L’interception de 13 kilogrammes de diamants bruts à l’aéroport de Mbuji-Mayi, estimés à 2,5 millions USD, met en lumière une réalité persistante du secteur extractif congolais : l’importance des circuits informels dans la formation des prix.
Au-delà de l’infraction, cet épisode révèle un déséquilibre structurel. Lorsqu’une part significative de la production échappe aux circuits officiels, les prix observés ne reflètent plus la réalité du marché.
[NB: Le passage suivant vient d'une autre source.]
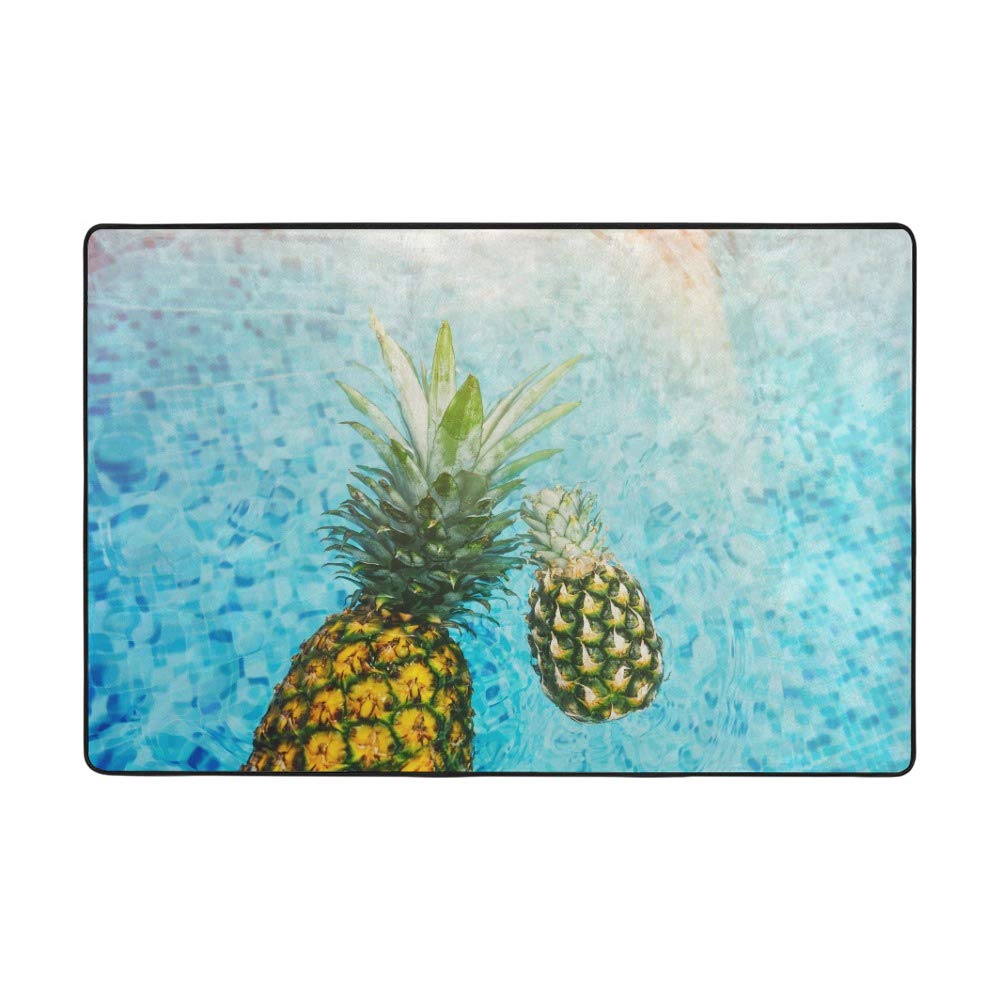Tapis grand format été ananas Ruchen salon velours corail 160x122cm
Ils deviennent partiels, biaisés et déconnectés de la valeur réelle des ressources.
Dans le cas du diamant, cette distorsion est double. D’une part, elle réduit les recettes fiscales de l’État. D’autre part, elle fragilise les opérateurs formels, contraints de concurrencer des flux non régulés, souvent à des prix inférieurs.
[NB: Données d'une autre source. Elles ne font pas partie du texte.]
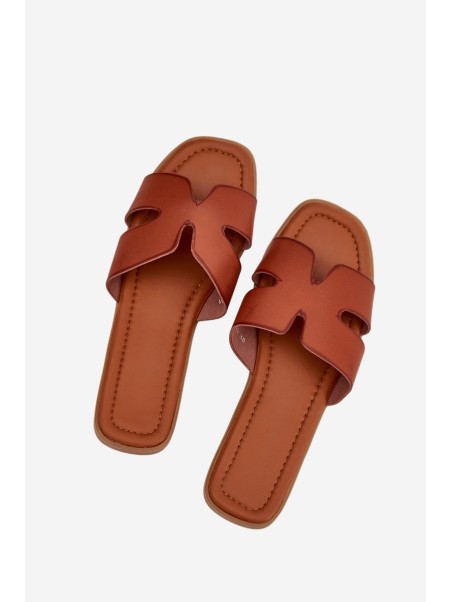 Women's Flat Sandals With Cutouts Camel Salyra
Pour les analystes, la question n’est donc pas seulement sécuritaire. Elle est économique. Restaurer l’intégrité des prix passe par une traçabilité effective, une digitalisation des flux et une réduction des incitations à l’informel.
Dans un contexte où la RDC cherche à maximiser la rente minière, la lutte contre la fraude apparaît comme un levier direct de stabilisation des prix et d’augmentation des revenus publics.